The Legal Intelligencer
FRIDAY, OCTOBER 30, 1998
R E G I O N A L N E W S
Judge Proposes DOJ Establish Program
To Distribute Marijuana to Sick Folks
BY SHANNON P. DUFFY
U.S. Courthouse Correspondent
A federal judge is urging the Justice
Department to establish a program to make marijuana available to anyone whose medical
condition could be improved by it.
Yesterday, the Justice Department asked for 60 days to think it over.
According to court papers, U.S. District Judge Marvin Katz made the suggestion as a proposed settlement in Kuromiya, et al. v. United States, a class-action suit brought on behalf of citizens who claim that the prohibition of marijuana is unconstitutional since it is the best cure for their ailments - everything from AIDS to Lou Gehrig's disease.
The 128-page lawsuit, filed by Lawrence Elliott Hirsch of the Hirsch & Caplan Public Interest Law Firm, tells the stories of about 160 plaintiffs from 49 states. Many say they have been forced to break the law and to pay exorbitant prices for the drug. Others say they simply suffer because they fear jail.

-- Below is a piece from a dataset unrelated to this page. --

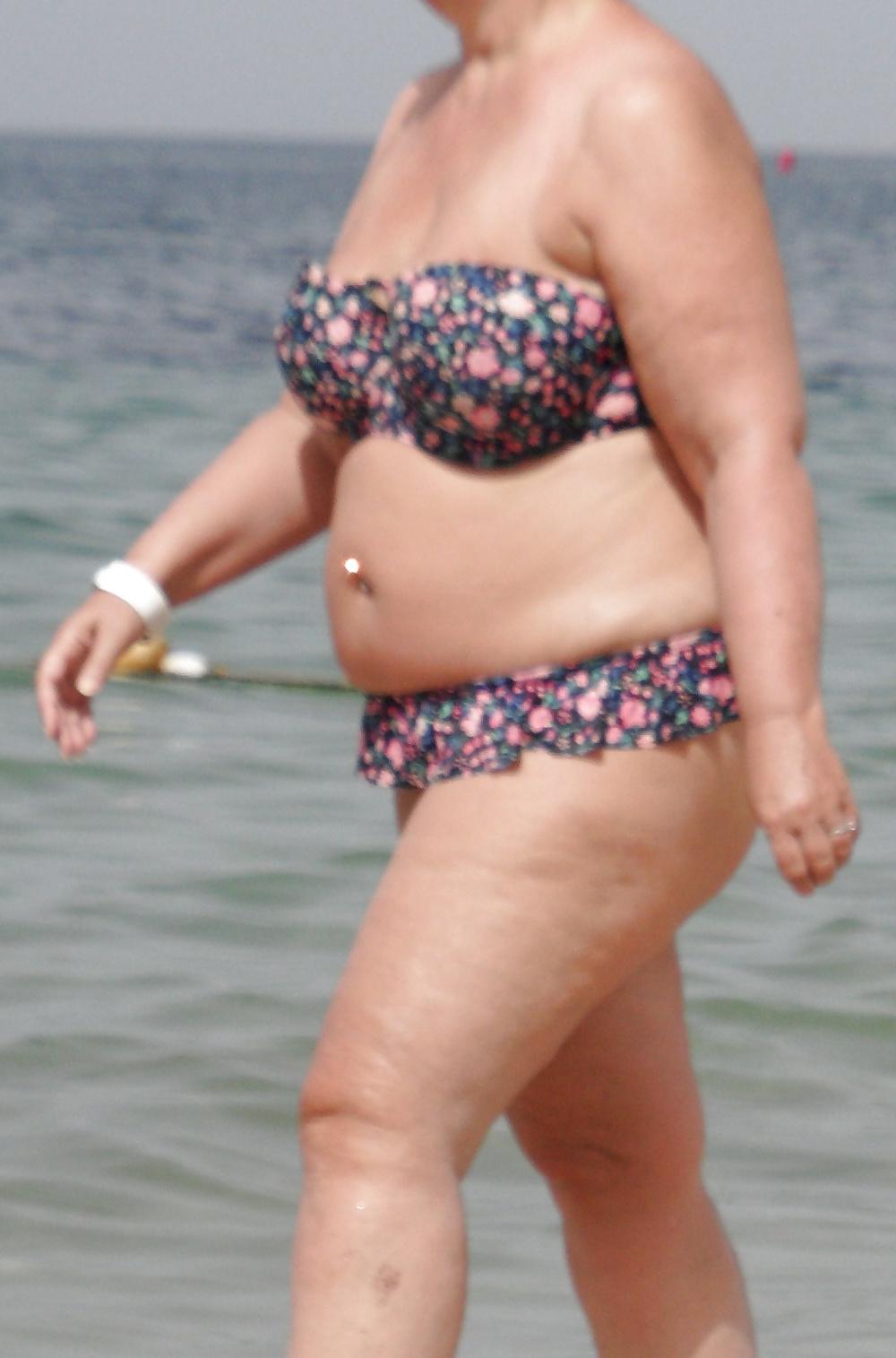 22P Voyeur pics beach holiday 2014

Hirsch argues the enactment of laws prohibiting the use of cannabis without amending the constitution is unconstitutional. "The right to consume, ingest or smoke a plant that grows wild in nature, such as cannabis, is subordinate to, and more fundamental than the right to vote," Hirsch wrote.
The Justice Department moved to dismiss the case, saying Hirsch has no chance of winning any relief.

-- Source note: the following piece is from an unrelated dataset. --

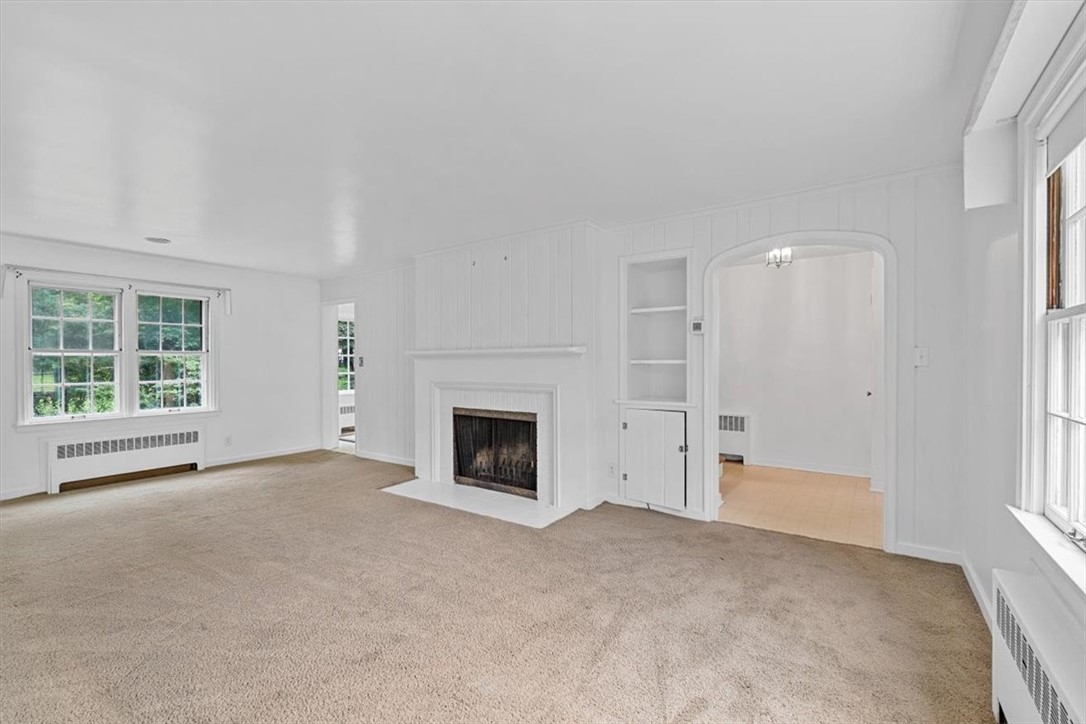 200 Crestmont Rd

"It is well-settled that the Controlled Substances Act provisions are a valid exercise of Congress' Commerce Clause powers," attorney Arthur R. Goldberg and Gail K. Levine of the Justice Department's civil division argued.
But just two week after that brief was filed, it seems Judge Katz is urging DOJ to think about settling the case instead of fighting it.

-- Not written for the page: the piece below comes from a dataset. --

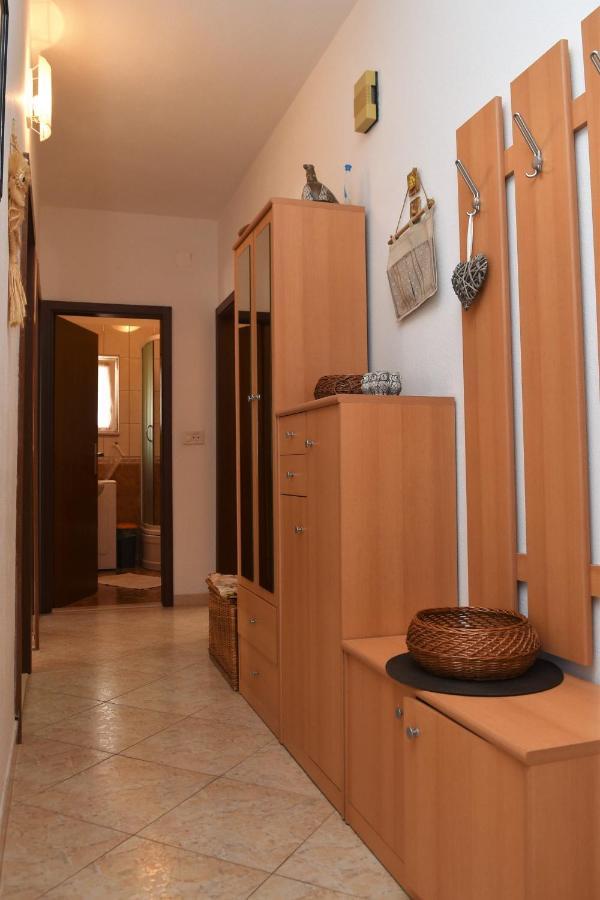 Apartment Manigo Supetar Exterior photo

In a recent conference, Katz proposed a settlement order which the goverment would agree to establish a "carefully monitored" and "scientifically controlled" program to distribute marijuana to "individuals whose medical conditions could be improved by it," according to court papers filed yesterday.
The settlement would also require the government to provide any useful, scientific research results "that would help decide whether marijuana is medically beneficial or not."
According to court papers, Katz asked the Justice Department how much time it needed to consider his proposal.
The answer came yersterday in a two-page court filing by Goldberg and Levine that said DOJ would need "at least 60 days."
That much time is needed, they said, "to consider the appropriate management officials within the agencies and divisions of agencies implicated by the proposal."
Attorney Hirsch could not be reached for comment.